En l’espèce, M. [L] ne caractérise aucun manquement de l’employeur à son obligation d’exécuter le contrat de travail de bonne foi. Il sera donc débouté de sa demande en dommages-intérêts et la décision des premiers juges sera confirmée à ce titre.
* sur le caractère vexatoire du licenciement
M. [L] soutient que l’association a mis fin au contrat de travail pour des « motifs extrêmement violents » et fait valoir qu’ayant été mis à pied à titre conservatoire dès la réception de sa convocation à l’entretien préalable, il n’a pas pu s’entretenir avec ses collègues et a dû se contenter de la version de l’employeur de sorte qu’il a subi un préjudice distinct des préjudices liés à la rupture abusive de son contrat.

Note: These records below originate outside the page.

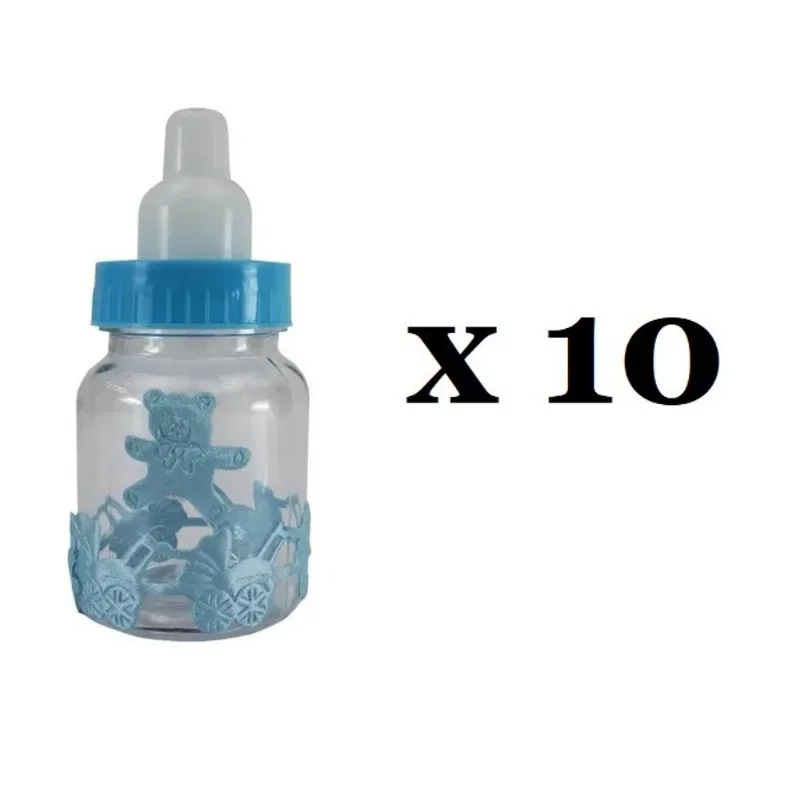 Kit 10 Mini Mamadeira Azul Ursinho p/ Lembrancinha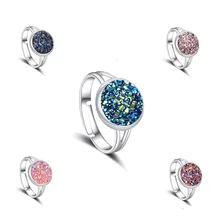 11 Colors Mermaid Scale Resin Drusy Druzy Ring Imitation Crystal Stone Silver Color Rings Adjustable Brand Jewelry for Women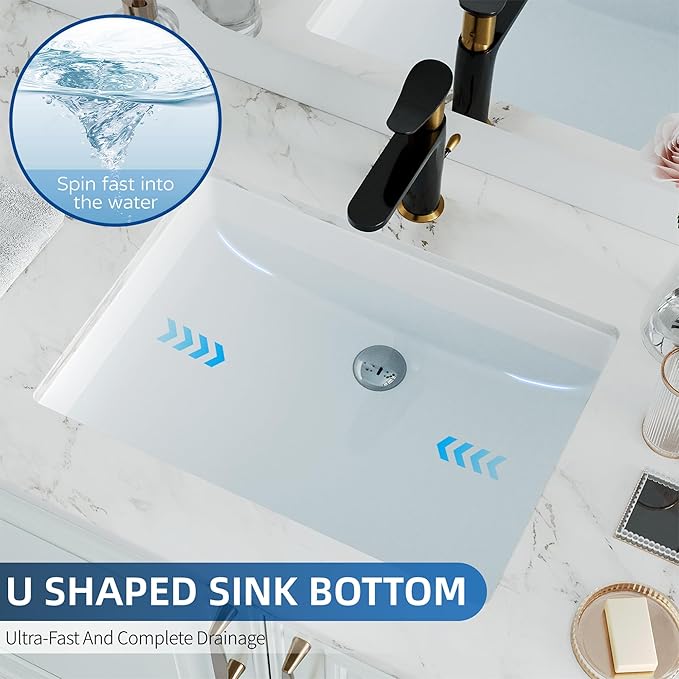Undermount Bathroom Sink Rectangle, Hugsleek Interior Bowl Size 18.3 x 12.3 inch White Porcelain Ceramic Vessel Sink Under Counter Exterior Size 20x14in Rectangular Bath Sink Basin Lavatory Fireclay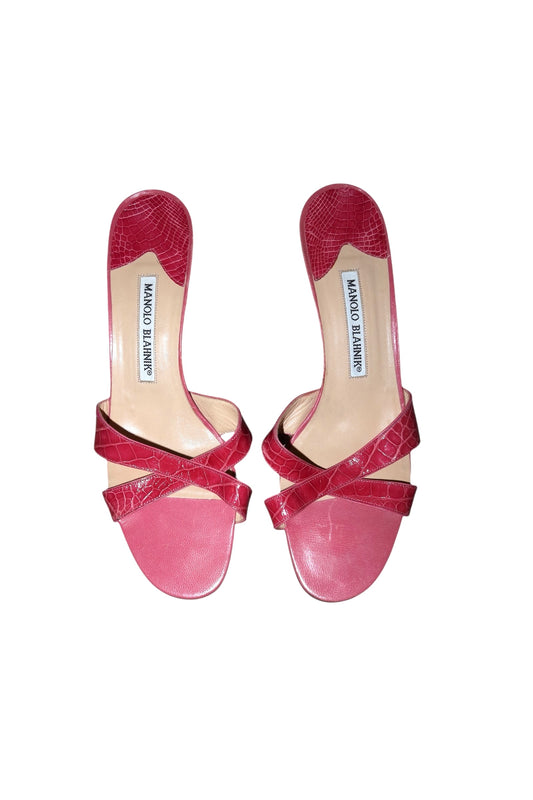 Manolo Blahnik pink lizard sandal heels (38)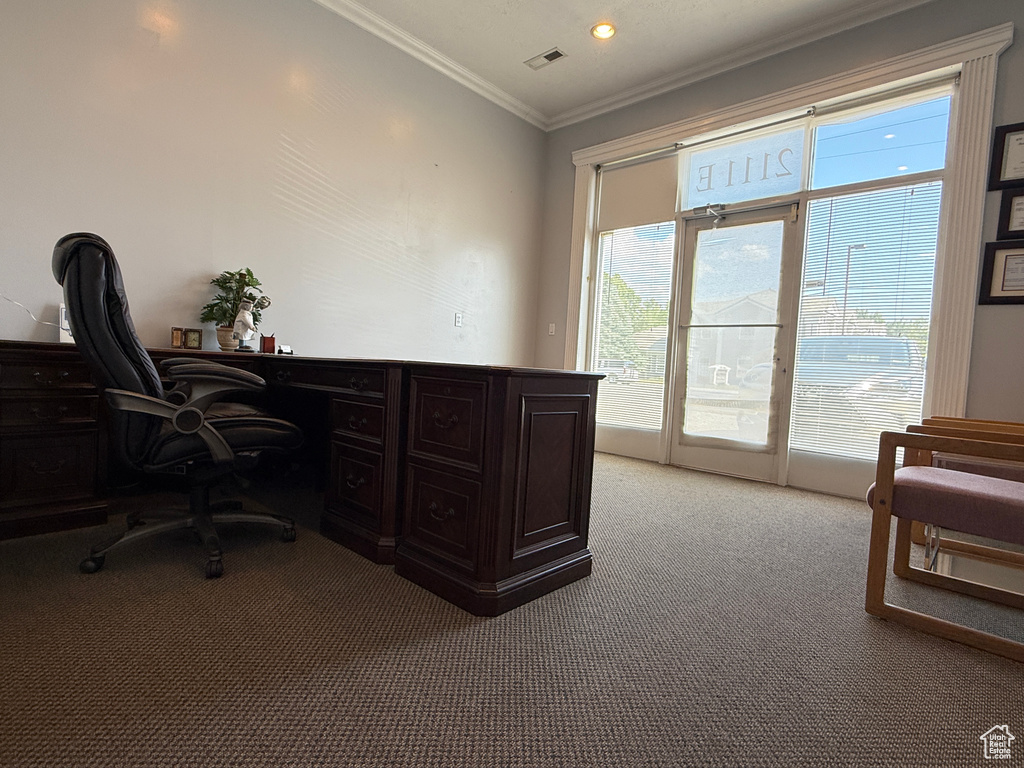 Office space featuring carpet flooring, crown molding, and recessed lighting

Ce à quoi l’association réplique que M. [L] n’avait pas à s’entretenir avec ses collègues qui ont témoigné spontanément et librement sur la violence qu’ils ont subie de la part de M. [L] ; qu’en outre, M. [L] a eu la possibilité de s’expliquer sur les faits à deux reprises dont lors de l’entretien préalable.
En l’espèce, M. [L] ne démontre pas que la rupture anticipée de son contrat de travail est intervenue dans des conditions vexatoires. A cet égard, la mise à pied à titre conservatoire ne revêt pas en soi un caractère vexatoire. M. [L] sera donc débouté de sa demande en dommages-intérêts et la décision des premiers juges sera confirmée à ce titre.
* sur les dépens et sur l’article 700 du code de procédure civile
M. [L] sera condamné aux dépens en appel, la décision des premiers juges sur les dépens étant confirmée.
Les parties seront déboutées de leurs demandes respectives au titre des frais irrépétibles, la décision des premiers juges au titre de ces frais étant également confirmée.
PAR CES MOTIFS,
La cour, statuant par arrêt contradictoire et par mise à disposition,
Confirme le jugement en toutes ses dispositions ;
Déboute les parties du surplus de leurs demandes ;
Condamne M. [P] [O] [L] aux dépens en appel.